Eko menyeruput teh panasnya dengan kening yang mengkerut. "Salah? Nggak ah. Kalau salah pasti anak-anak sudah pada protes, minimal." Katanya berusaha menenangkan Anin yang mulai krisis kepercayaan diri. "Well, I think matematika emang susah. Yaudah sih, aku juga dulu struggle banget menghadapi mata pelajaran itu."

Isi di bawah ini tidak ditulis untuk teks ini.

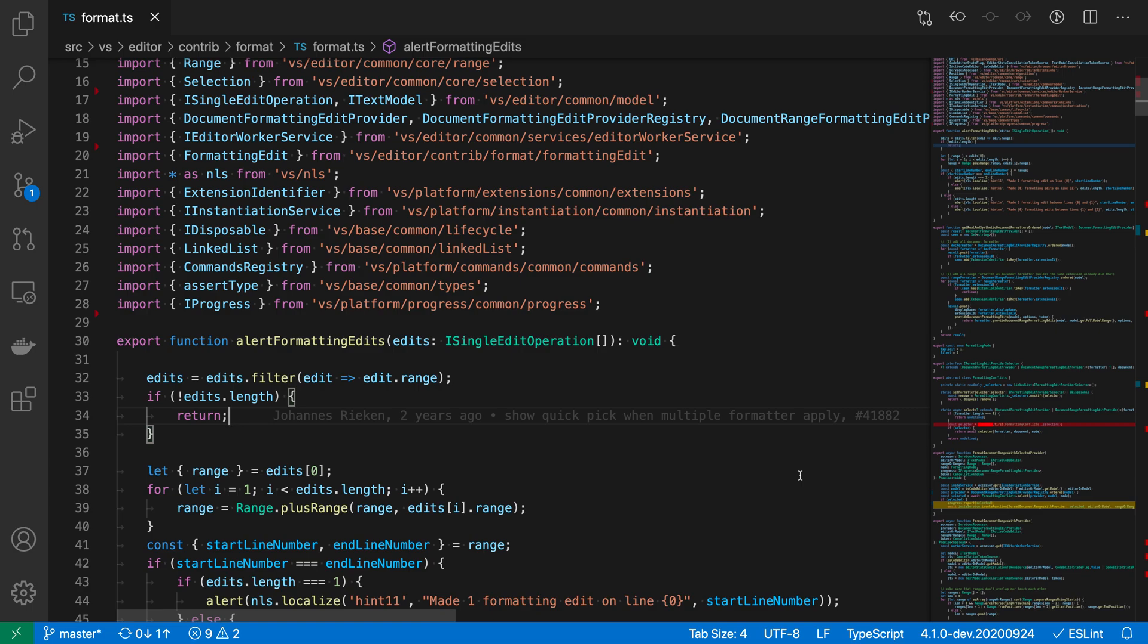VS Code's minimap offers you a preview of your code, but it can also show you the location of things such as errors and warnings, or the location of find results in your file.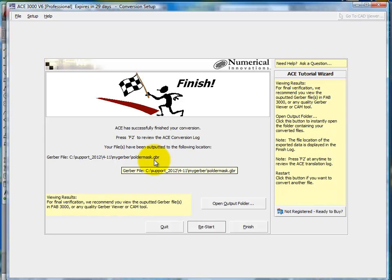And if you need any further assistance or would like to try a free trial of our ACE translator software, simply visit numericalinnovations.com and you can download a free trial from there. Thank you.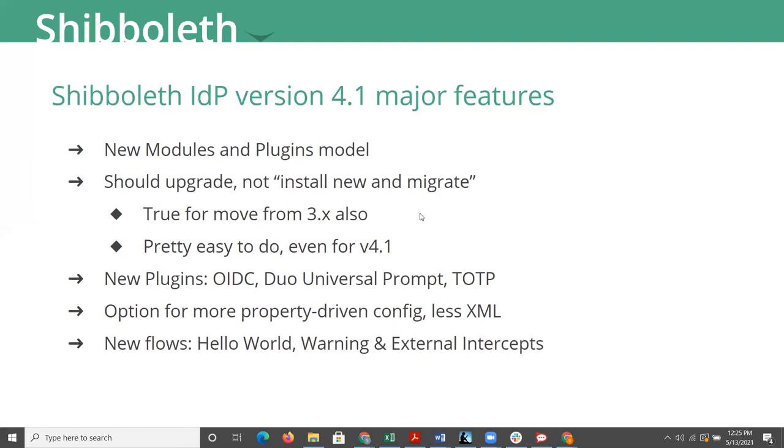That's one of those things though, that if you do an upgrade, you can keep the XML files you have now. And then when you're ready to move to the property driven model, you can do that at your own convenience, rather than having to do all that work upfront. There are a couple of out of the box new flows built into IDP for one sort of a basic hello world and an easier way to test that your IDP is functioning as soon as you install it before you've done any configuration of it whatsoever.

Anin mempertemukan punggungnya dengan sandaran kursi. Memijat pangkal hidungnya yang terasa nyeri mendengar cara bicara guru bahasa Inggris itu. Perempuan itu menyudahi pekerjaannya dan memutuskan untuk melanjutkan besok. Merenungkan diri kenapa nilai anak didiknya tak ada yang mencapai KKM.

Bila ia renungkan lebih dalam, cara mengajarnya sudah sangat nyaman. Nilai tugas anak-anak didiknya tak pernah mengecewakan. Tapi jika sudah menghadapi ulangan, nilai-nilai itu akan merosot jatuh tak terbayangkan. Apakah karena soal yang susah? Ia tak pernah memberikan soal yang susah. Selalu hampir sama seperti contoh, hanya mengubah angka saja.

Eko memperhatikan Anin yang terlihat sangat pusing. Ia berusaha untuk mengusir rasa pesimis dari diri sahabatnya itu. "Udahlah Nin, jangan terlalu over thinking, deh! Kamu tinggal tanya aja sama anak-anak, kan? You know, even in my subject, some of them don't have a good grades too,"

"Iya, iya. Udah berhenti ngomong campur-campur gitu deh! Pusing dengarnya."

***

Anin menatap pintu putih di depannya gugup. Ia memperbaiki jilbabnya yang berantakan, lalu dengan yakin mengetuk pintu tersebut. Dari dalam terdengar sahutan untuk menyuruhnya masuk.

Perempuan itu masuk dengan langkah khawatir. Saat sedang pusing memikirkan tanggapan anak-anak bahwa matematika—pelajaran yang ia ajarkan tak menyenangkan walaupun cara mengajarnya sudah baik, ia diberitahu oleh Eko bahwa Kepala Sekolah memanggilnya. Sungguh luar biasa, entah kesalahan apa yang menyambutnya.

Bu Rahma adalah nama panggilan wanita tua yang sedang duduk di balik meja kerja itu. Guru matematika Anin dan Eko dulu saat masih sekolah. Bonusnya, beliau adalah Ibunya Eko.

Walaupun pernah menjalin hubungan yang dekat dengan Anin dari dulu saat masih berstatus murid dan guru, tak ada alasan wanita itu tak ditakuti oleh muridnya sendiri yang saat ini berpangkat sebagai anak buahnya.

"Nin, duduk." Perintah Bu Rahma pada Anin yang berdiri kaku. "Saya dapat cerita dari Eko."

Anin membatin kesal. Pantas saja tiba-tiba Bu Rahma memanggilnya, ternyata ada yang memiliki mulut ceriwis.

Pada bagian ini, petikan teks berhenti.